ただし、習うのは京都で2ヶ月に1回ほどなので、いつもほぼ忘れてしまう。一緒に習ってる生徒さん達も全員師範(お茶の先生)なので、師匠だけでなく5名がかりのマルチボイスで指導が来る。贅沢なものなのだが、順番でなく体の動きや姿勢を細かく指導されるのでこっちは必死だ。細かい指の動きや体幹まで身体中緊張させないといけなく、2,3日は全身筋肉痛になる程くたくたになる。
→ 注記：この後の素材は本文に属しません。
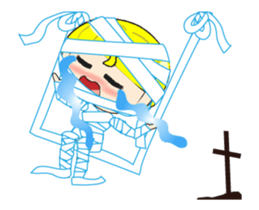 Lilly on Haloween sticker #13271071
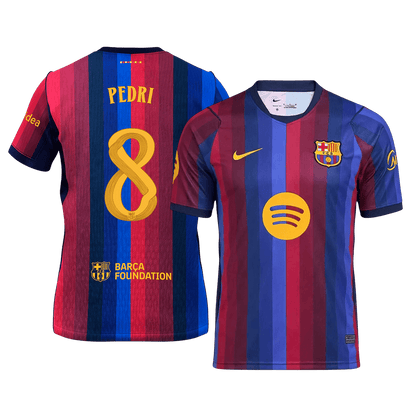 Barcelona domácí fotbalový dres 2026/27 PEDRI #8 UCL
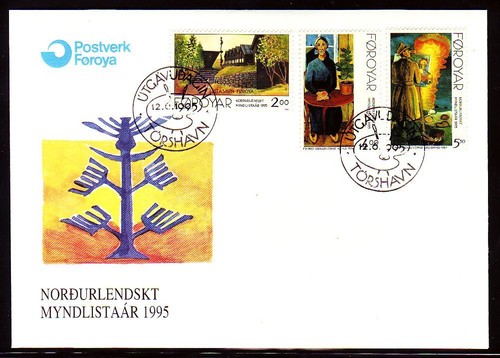 Faroe islands 1995 fdc - islands,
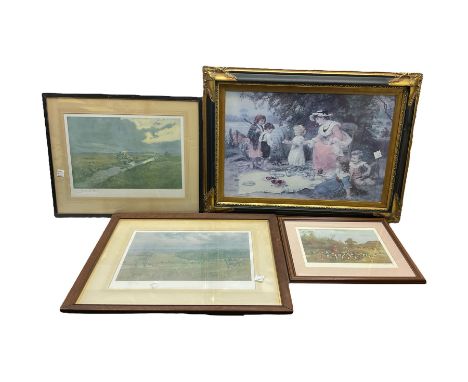 Lionel Edwards (British 1878-1966): 'The Holderness' and The Hunt, two colour prints signed in pencil; Thomas Ivester Lloyd (
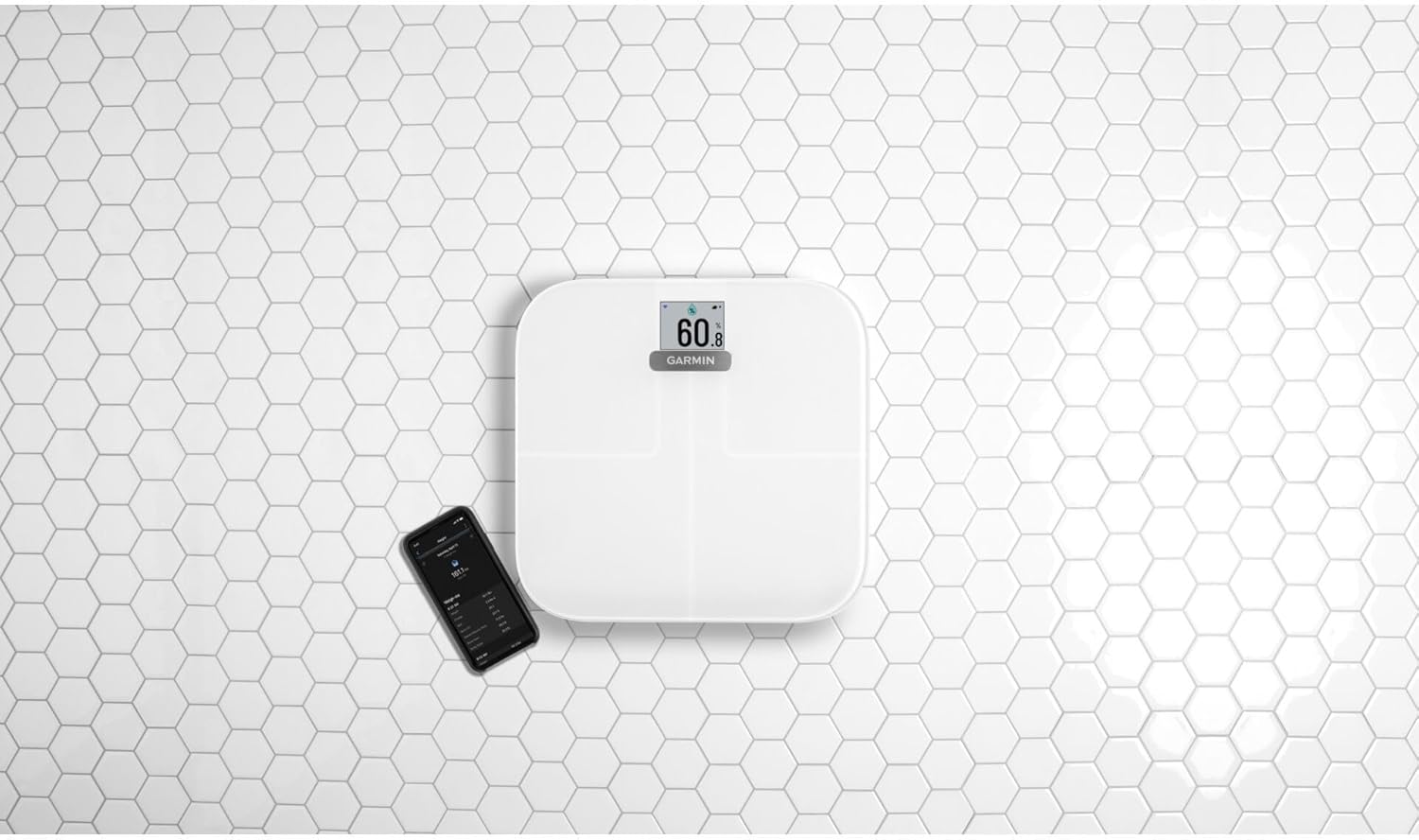 Garmin Index S2 Smart Scale, weiß, m – Bild 2
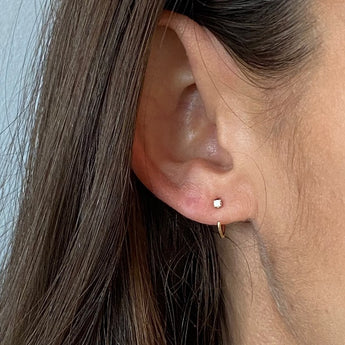 cubic hoop studs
その指導の厳しさは同行して見学した妻が「下鴨秘密倶楽部」と大阪の有名SM倶楽部をもじったあだ名をつけるほどだ。
今回、コロナ落ち着いて2年ぶりに稽古に行けそうとなり、少しドキドキして師匠に電話した。長くお会いできずにいたので、さすがに教室を閉じられたか、もしかしたら連絡ないだけで遠行された可能性もあるかと思っていた。ただ電話をすると全然元気。いつものお声だった。
師匠は老人のような所がない。耳も遠くないし頭の回転も早い。前にお会いした時はトランプ政権の話とインドのカースト制の話をした。健康の秘訣は日本酒と物欲だそうで「お茶なんかやっても全然、悟りません。逆に欲しい道具が次々出てきて物欲地獄の始まりや」とのこと。
そして、このたび自分も楽茶碗を初めて買った。小ぶりの楽茶碗は師匠が選んでくれたもの。お家元に「松雲」という銘もいただいた。節目の時に点てて飲もうと思うが、そうなると他の道具も格が合うものを買わないとなと思いはじめてる。これはヤバいものに手を出してしまった。物欲地獄の一丁目に愛でたく入ったようだ。
稽古後の帰り際に「また来れたらいつでもおいで、102歳の記念茶会もやるんでまた連絡するわ」と言って頂く。自分の方が先に死なないように気をつけよう。師匠を見てると歳を重ねるのが怖くなくなる。